Der Fluss der Beziehung

Sachte, wild, freudig und lebendig manchmal stürmisch und treibend fließt der Fluss zwischen allem was lebt. Er ist immer da, unzerstörbar, allgegenwärtig und beständig. Er umfließt alles, hüllt alles in seinem Strömen ein. Er bewahrt das Leben, verbindet alles Lebendige und ist der Träger der Liebe.


Warum fühlen wir uns so oft abgetrennt vom Leben? Warum sind so viele Menschen einsam und alleine? Wieso fühlen wir uns so oft ausgeschlossen, ausgestoßen und verbannt, wenn doch der Beziehungsfluss immer da ist?


Da ist diese Kluft zwischen dem Beziehungsfluss und unserem Leben.


Vielfach haben wir erfahren und tief in unserem Inneren verankert, dass andere Menschen, die Welt, das Leben und selbst unser Körper gefährliche Orte sind von denen wir uns am besten distanzieren, sie abwehren oder sie bekämpfen aus Angst vor Überwältigung und Verletzung. Wir befinden uns in solchen Momenten weit weg vom Beziehungsfluss, der in uns und um uns herum fließt. Vielleicht stehen wir an dessen Ufer und sehen dem Treiben zu, aber wir sind nicht Teil davon. Traurigkeit steigt auf, die Sehnsucht nach Gemeinschaft, nach Zugehörigkeit und nach Verbundenheit lassen das Feuer der Traurigkeit am Leben. Angst zeigt sich und hält uns ab in den Fluss zu springen. Das Wasser könnte uns in die Tiefen, in den Kampf um unser Überleben, ziehen. Die Lebendigkeit könnte uns unsere Sicherheitspanzer der Erstarrung nehmen. Die Angst vor dem Unbekannten und vor der Unberechenbarkeit lässt uns unsere erlernte Hilflosigkeit und Ohnmacht spüren.

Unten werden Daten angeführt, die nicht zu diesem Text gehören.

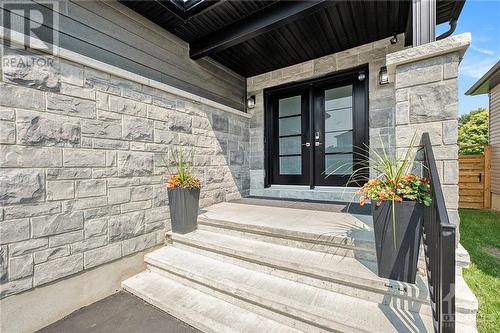 As you approach the home, the beautifully crafted stone façade immediately captures your attention, exuding both strength and sophistication. The grand double entry door serves as a magnificent fo - 708 Geneva Crescent, Embrun, ON - Outdoor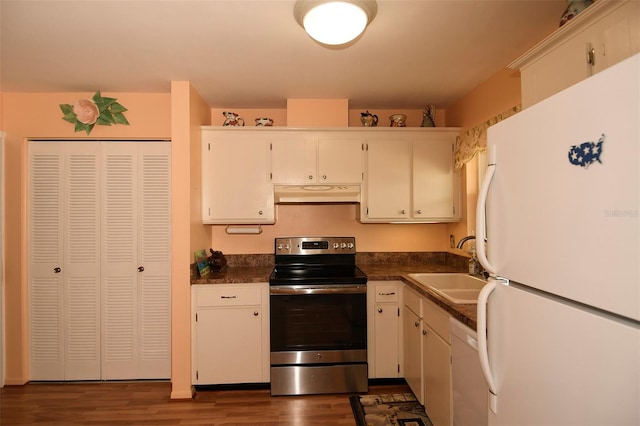 kitchen with sink, dark wood-type flooring, white cabinets, and white appliances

Zögernd stehen wir hier am Ufer des Flusses, spüren bereits seinen sanften Sog, seinen Ruf hineinzugleiten. In seinem Ruf können wir bereits sein Wohlwollen vernehmen mit dem er uns aufnehmen möchte, seine Freude umkreist uns bereits und seine Liebe klopft sachte an unser zögerndes Herz. Sanft verbindet sich sein Drängen mit unserem Verlangen, Teil dieses Beziehungsflusses zu werden. Freude erfüllt bereits unser Herz und so wächst der Wunsch über die Angst hinaus und wir wagen den Schritt im Wissen und in der Hoffnung, Vertrauen haben zu können in das Leben selbst, das wir in diesem Fluss sehen, spüren, beobachten und erkannt haben.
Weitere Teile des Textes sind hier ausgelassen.